Preheat oven to 150C.

For your decorations, form two-thirds of the fondant into a large ball to form your rabbit's bottom, then make a small ball for it's tail. Create two rabbit feet, using a scalpel or small knife to create his toes. Colour a small amount of remaining fondant grey - form shapes for your rabbit's feet pads. Colour remaining fondant green and slice into grass blades or various lengths and widths. Allow to dry on a sheet of baking paper. 

For the cakes, place the water, butter and cocoa in a saucepan over medium heat and stir until the butter has melted. Place the flour, bicarbonate of soda and sugar in a bowl, add the cocoa mixture and whisk to combine. Add the eggs, buttermilk and vanilla and whisk to combine.

Divide mixture between 4 lightly greased 20cm round cake tins lined with non-stick baking paper. Bake for 40 minutes or until cooked when tested with a skewer. Allow to cool in the tins for 5 minutes. Turn out onto wire racks to cool completely. Stack two cooled cakes on top of eachother (with baking paper in between each layer to prevent sticking) and with a small, sharp knife, cut a semi-circular hole (about 3 cms deep and 7cm wide) into the cakes - this will form the burrow for your Easter bunny. Refrigerate until needed.

For the cream cheese filling, place the butter and cheese in the bowl of an electric mixer and beat for 6 - 8 minutes or until pale and creamy. Add the icing sugar and cocoa and beat for a further 6 - 8 minutes or until light and fluffy. To assemble, place bottom layer (the layer that has the base of the already cut burrow) on a serving plate and thinly spread with one quarter of the frosting. Repeat with remaining layers, then use any left over frosting to fill in gaps between layers. Refrigerate for an hour. 

For chocolate buttercream, beat butter in the bowl of an electric mixer until smooth and pale. Add cocoa and beat until combined. With motor running on a low speed, gradually add icing sugar, increasing speed to high between additions. Stop when mixture is light and fluffy, but holds it's shape - you may not need all of the icing sugar. 

Remove cake from fridge and very cover very thinly in a layer of buttercream. Chill for 30 minutes. 

Once crumb coat of buttercream has cooled, coat cake and burrow liberally with buttercream - you can be messy with this part. Vertical strokes will make it look more tree-like, and remember to add rings to the top of the tree stump. Add roots around the base of tree. Insert bunny into the burrow, adding his tail and feet, using a paintbrush dipped in water to secure. Decorate tree with grass, flowers and Easter eggs as you like. 

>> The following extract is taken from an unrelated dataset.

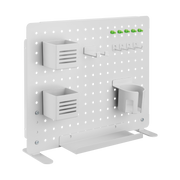 Organizzatore da scrivania a pannello forato in metallo con accessori, bianco – Outlet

Standing over twenty centimeters tall, this proud, four-tiered chocolate cake means business, was incredibly heavy and could serve twenty, quite honestly. But the cake itself is lovely and moist, not overly sweet, and stores incredibly well. I made my cakes a few days in advance and kept them in the fridge for three days before decorating: you would never have known. 

The original cake recipe called for two 12cm split cakes, resulting in a much smaller four tiered cake, but I have doubled all quantities. If you don't have an army of grateful coworkers or family members to consume your gorgeous cake, maybe scale it down a little. Or go overboard. It is Easter. 

Have a lovely break, readers. 

Recommended baking soundtrack: Sea Wolf - Leaves in the River.